Is there a less memory intensive way to read XLSX files?

Topics: Developer Forum
Mar 5, 2008 at 2:29 PM
Hi,
I wish to use PHPExcel to convert XLSX files to CSV or some other easy to work with format? (styling, etc does not matter)
I also might need to convert rather large files (up to about 40 MB), but a 2MB XLSX file needs more than 200MB of memory.
Is there possibly a way to read an XLSX file line by line in order to keep the memory usage down?

Thanks,
Andy
Coordinator
Mar 6, 2008 at 10:26 AM
There is a switch on the Excel2007 reader which does this:
$reader->setReadDataOnly(true);
Mar 6, 2008 at 7:48 PM
Thank you for the suggestion. By running that first I was able to load the 2 MB file, but I was still not able to load a 7.5 MB xlsx file.
I tried using some of the writers, such as html and csv, and found that csv would be best for me. I was able to convert all of the
xlsx files in the source code, but not my 2MB or 7.5 MB file. I was looking at the data structure for the cellCollection. It looked like there
is a lot of overhead when it comes to borders, margins, and fonts, etc. Would there be an easy way to disregard all of the styling, and
only load the values for each cell?
Coordinator
Mar 7, 2008 at 7:10 AM
Have you tried the latest build (Source Code tab)? Been doing some improvements yesterday.
Mar 7, 2008 at 2:22 PM
Yes, I am using revision 10003.
Here is the code I am using, does this look right?

include 'PHPExcel.php';
require 'PHPExcel/Reader/Excel2007.php';
include 'PHPExcel/Writer/CSV.php';

$objPHPExcel = new PHPExcel();

echo date('H:i:s') . " Load from Excel2007 file\n";
$objReader = new PHPExcelReaderExcel2007;
$objReader->setReadDataOnly(true);
$objPHPExcel = $objReader->load("/tmp/andy/new.xlsx");
$objWriter = new PHPExcelWriterCSV($objPHPExcel);
$objWriter->setSheetIndex(0);
$objWriter->save("/tmp/andy/test.csv");

Thanks,
Andy
Coordinator
Mar 10, 2008 at 10:20 AM
Looks perfect!

Would it help if I implemented a Excel reader option which only reads sheet X from a workbook?
Mar 10, 2008 at 9:43 PM
I think it would be more helpful to have an option that would extract cell values only, and disregard any styling properties.
Most spreadsheets I've dealt with have only had 1 sheet with actual data, and the rest are blank.
Coordinator
Mar 11, 2008 at 9:09 AM
$reader->setReadDataOnly(true); should do that.

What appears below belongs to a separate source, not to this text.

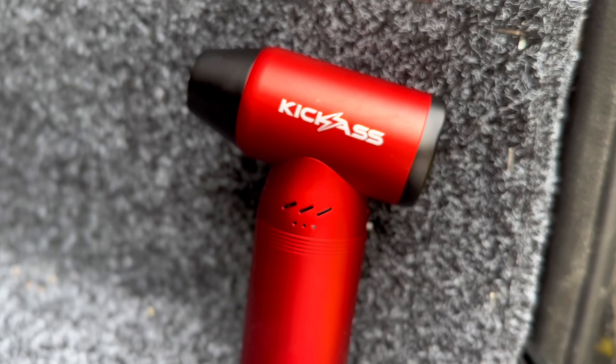How cool is that? So don't forget to head online or head in store and grab yourself one of the kick-ass jet blowers today. You absolute beauty.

How many rows/columns are in the sheet?
Mar 12, 2008 at 5:24 PM
Edited Mar 12, 2008 at 5:26 PM
Well the files I need to convert have a minimum of 5 columns, and probably up to 50,000 rows.
The test sheet I had contained 47,000 rows, and that was 2MB which was unable to load.
I was looking at a dump of the $objPHPExcel object, and it looks like it still stores a lot of extra arrays that aren't neccesary
Coordinator
Mar 13, 2008 at 8:50 AM
Will try to figure this out next week.
May 7, 2008 at 11:28 PM
I think this would solve my problem. I have a large .xlsx with four large sheets and the file size is over 7mb and running into memory issues. If I could read only sheet 1, I would be fine, but here is my concern : what if a sheet 1 has formulas pointing to other sheets?


maartenba wrote:
Looks perfect!

Would it help if I implemented a Excel reader option which only reads sheet X from a workbook?